The numbers 15 and 16 of each of the 2018–19 Derde Divisies (2 times 2 teams) and the 3 (substitute) period winners of each of the 2018–19 Hoofdklassen (4 times 3 teams), making 16 teams, decide in a 3-round 2-leg knockout system, which 3 teams play next season in the 2019–20 Derde Divisie leagues. The remaining 13 teams play next season in the 2019–20 Hoofdklasse leagues. Contrary to previous seasons, the play-offs for Saturday and Sunday teams are not fully separated any more.

- First round
The 4 Derde Divisie teams and the 4 highest ranked (substitute) period winners (HPWs) from the Hoofdklassen are released from playing the first round.

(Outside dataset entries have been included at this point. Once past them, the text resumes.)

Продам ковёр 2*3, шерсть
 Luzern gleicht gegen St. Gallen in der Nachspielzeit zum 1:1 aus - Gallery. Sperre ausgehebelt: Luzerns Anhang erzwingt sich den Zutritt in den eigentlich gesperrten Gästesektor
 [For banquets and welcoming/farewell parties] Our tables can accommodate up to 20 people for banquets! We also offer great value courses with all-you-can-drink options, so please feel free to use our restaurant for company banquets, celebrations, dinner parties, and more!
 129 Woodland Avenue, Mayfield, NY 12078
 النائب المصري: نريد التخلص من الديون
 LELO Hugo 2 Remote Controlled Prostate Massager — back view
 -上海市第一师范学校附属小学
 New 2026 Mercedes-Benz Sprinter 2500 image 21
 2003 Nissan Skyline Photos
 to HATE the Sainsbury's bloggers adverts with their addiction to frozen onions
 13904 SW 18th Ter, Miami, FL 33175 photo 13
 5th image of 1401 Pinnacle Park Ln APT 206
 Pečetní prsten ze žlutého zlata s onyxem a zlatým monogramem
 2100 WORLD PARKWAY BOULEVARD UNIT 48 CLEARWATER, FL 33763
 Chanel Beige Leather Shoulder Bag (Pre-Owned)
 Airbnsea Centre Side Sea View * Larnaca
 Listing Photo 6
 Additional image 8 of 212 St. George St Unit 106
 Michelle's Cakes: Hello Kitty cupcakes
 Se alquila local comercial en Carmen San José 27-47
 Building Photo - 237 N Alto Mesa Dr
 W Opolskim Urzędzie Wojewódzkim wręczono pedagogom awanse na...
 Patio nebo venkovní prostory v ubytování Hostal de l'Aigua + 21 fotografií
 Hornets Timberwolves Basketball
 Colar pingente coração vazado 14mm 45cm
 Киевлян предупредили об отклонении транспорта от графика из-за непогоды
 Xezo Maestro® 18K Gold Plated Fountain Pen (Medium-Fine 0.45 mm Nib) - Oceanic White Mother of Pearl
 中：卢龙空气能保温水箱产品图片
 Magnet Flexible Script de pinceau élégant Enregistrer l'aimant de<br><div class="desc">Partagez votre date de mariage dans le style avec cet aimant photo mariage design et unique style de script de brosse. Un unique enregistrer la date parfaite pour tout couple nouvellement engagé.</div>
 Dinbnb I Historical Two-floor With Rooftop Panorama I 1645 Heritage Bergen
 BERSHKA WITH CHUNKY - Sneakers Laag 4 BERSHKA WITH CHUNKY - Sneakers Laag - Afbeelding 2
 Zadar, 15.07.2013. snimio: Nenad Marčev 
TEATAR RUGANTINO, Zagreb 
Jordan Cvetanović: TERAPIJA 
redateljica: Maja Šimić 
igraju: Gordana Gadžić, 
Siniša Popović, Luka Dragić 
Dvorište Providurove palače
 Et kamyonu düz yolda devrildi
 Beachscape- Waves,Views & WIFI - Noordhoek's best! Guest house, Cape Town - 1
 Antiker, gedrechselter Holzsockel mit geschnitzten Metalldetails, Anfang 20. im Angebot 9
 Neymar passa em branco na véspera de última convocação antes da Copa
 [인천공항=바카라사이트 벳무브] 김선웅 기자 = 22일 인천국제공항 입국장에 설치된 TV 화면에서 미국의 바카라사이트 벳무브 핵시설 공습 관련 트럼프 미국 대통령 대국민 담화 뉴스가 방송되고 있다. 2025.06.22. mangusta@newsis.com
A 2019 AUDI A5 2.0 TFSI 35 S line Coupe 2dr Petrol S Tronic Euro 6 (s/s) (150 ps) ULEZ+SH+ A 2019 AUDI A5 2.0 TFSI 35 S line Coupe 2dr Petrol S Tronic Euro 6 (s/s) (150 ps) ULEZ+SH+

Teams are paired in such a way that the 2 middle ranked (substitute) period winners (MPWs) from the Saturday Hoofdklassen play against the lowest ranked (substitute) period winners (LPWs) from the other Saturday Hoofdklasse. The same applies for the Sunday MPWs and LPWs. So at this stage there will be no matches yet between Saturday and Sunday teams. The lowest ranked teams (LPWs) will play the first match at home, and the highest ranked teams (MPWs) the second match.

- Second round
In the second round there're still no matches between Saturday and Sunday teams. The following applies identical for the Saturday as well as Sunday teams. The highest ranked Derde Divisie team (H3D) will play against the winner of the match between the LPW of the A league against the MPW of the B league. The lowest ranked Derde Divisie team (L3D) will play against the HPW of the A league. The HPW of the B league will play against the winner of the match between the LPW of the B league against the MPW of the A league. The lowest ranked teams will play the first match at home, and the highest ranked teams the second match.

- Finals
The first final is between the winners of the 2 matches in which the Derde Divisie Saturday teams play. The second final is between the winners of the 2 matches in which the Derde Divisie Sunday teams play. The consequence is that at least 1 Saturday and at least 1 Sunday Derde Divisie team will relegate. The third final is between the winners of the 2 remaining matches. This is the only play-offs match in which a Saturday and a Sunday team will face each other and for sure both teams will be Hoofdklasse period winners. Therefore, at least 1 Hoofdklasse team will promote.

=== Qualified Teams ===

| Club | Qualification | Remark |
| Eemdijk | 15th in the Derde Divisie Saturday | Released from playing the first round |
| SJC | 16th in the Derde Divisie Saturday | Released from playing the first round |
| JVC Cuijk | 15th in the Derde Divisie Sunday | Withdrew from the play-offs |
| OJC Rosmalen | 16th in the Derde Divisie Sunday | Released from playing the first round |
| RKAV Volendam | Winner of the first period in the Hoofdklasse A Saturday (2nd) | Released from playing the first round |
| SC Feyenoord | Substitute winner of the third period in the Hoofdklasse A Saturday (3rd) |  |
| Jodan Boys | Winner of the second period in the Hoofdklasse A Saturday (7th) |  |
| Staphorst | Winner of the second period in the Hoofdklasse B Saturday (2nd) | Released from playing the first round |
| Sparta Nijkerk | Winner of the third period in the Hoofdklasse B Saturday (3rd) |  |
| ACV | Winner of the first period in the Hoofdklasse B Saturday (5th) |  |
| Hoogeveen | Winner of the first period in the Hoofdklasse A Sunday (2nd) | Released from playing the first round |
| SDO | Substitute winner of the third period in the Hoofdklasse A Sunday (3rd) |  |
| Hoogland | Winner of the second period in the Hoofdklasse A Sunday (5th) |  |
| Gemert | Substitute winner of the second period in the Hoofdklasse B Sunday (2nd) | Released from playing the first round |
| Halsteren | Substitute winner of the fictional third period in the Hoofdklasse B Sunday (3rd) |  |
| Unitas | Winner of the first period in the Hoofdklasse B Sunday (5th) |  |

=== Results ===

Sparta Nijkerk, Gemert and Hoogland promoted to the 2019-20 Derde Divisie.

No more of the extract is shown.